The op-ed’s author notes that West Virginia closed its DB plan for teachers in 1991 and replaced it with a DC plan. So far, so good. He then cites a series of complaints about the DC plan that was created, and things spin off the rails quickly:

  • “Initially there were only seven investment options to choose from.”  — On its face this is not actually bad, as too much choice can be overwhelming to participants. Generally speaking, DC plans should offer 5 to 15 options for participants, with clear descriptions of the differences and a range of option types for different kinds of risk tolerance and retirement goals.
  • “Some of the options mirrored each other and didn’t properly allow for investment diversification.” — This certainly sounds like a failure of governance to ensure that the DC plan offered a good mix of options. Other public sector DC plans commonly offer investment options that reflect different risk profiles and options that automatically reallocate and rebalance contributions over a participant’s working life (e.g., target-date funds), so getting the investment mix right need not be rocket science.
  • “Additionally, the state offered no education for participants.” — This is abjectly a terrible failure on the part of the DC plan West Virginia set up, but Kentucky can easily avoid this problem with a statutory provision. Providing education and counseling is a best practice that every DC plan should offer. In fact, Arizona’s 2016 public safety pension reform set up an optional (and generous, at an 18% minimum contribution rate) DC plan for new police officers and firefighters, and the law requires the DC plan’s third-party administrator to offer investment education, counseling, and individualized plan advice to participants, via a federally registered investment advisor.
  • “By 2005 it became clear the 401(k) system would not provide an adequate retirement for its participants.” — With poor governance and investment options, this is not surprising. This is also a mistake that Michigan made when it first set up its DC plan for state employees in the late-1990s. However, Michigan has since fixed its program and runs one of the better DC plans in the country. West Virginia could have simply done the same. If Kentucky wants to create a DC plan for new teachers, it simply needs to follow best practices, such as a wide mix of investment options that can match different retirement goals, statutorially required education, and contributions between 15% and 20% (combined from the employer and employee) for those not in Social Security.

Collectively, these arguments in the Herald-Leader offer a very, very weak case against defined contribution retirement plans, and if Kentucky wants to avoid West Virginia’s experience, they simply need to design a DC plan using modern best practices, as other states are doing.

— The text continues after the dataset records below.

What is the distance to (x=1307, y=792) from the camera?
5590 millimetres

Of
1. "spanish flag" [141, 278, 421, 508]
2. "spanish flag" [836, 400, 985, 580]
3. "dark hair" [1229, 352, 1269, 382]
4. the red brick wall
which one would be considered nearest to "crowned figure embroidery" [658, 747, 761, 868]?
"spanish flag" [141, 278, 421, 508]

Just consider that the particular plan in West Virginia that is being discussed was set up in the 1990s and clearly didn’t follow best practices. Over the past three decades the financial industry has evolved immensely. There has been exponential growth in the kinds of products and services that are provided to DC plan participants. As just one example: when West Virginia launched its DC plan there were no target-date funds that automatically rebalanced portfolios with a desired retirement year in mind. Including target-date funds in a line up of options is now not just a best practice, but probably should be the default option for any plan auto-enrolling its members.

In short, we’ve learned a lot about how to build world class DC plans over the past few decades, and all of that knowledge can be applied in Kentucky. The DC plans recently built for teachers in Michigan and public safety officers in Arizona provide a good guide for Kentucky in ensuring any future DC plan for its teachers provides a meaningful retirement benefit.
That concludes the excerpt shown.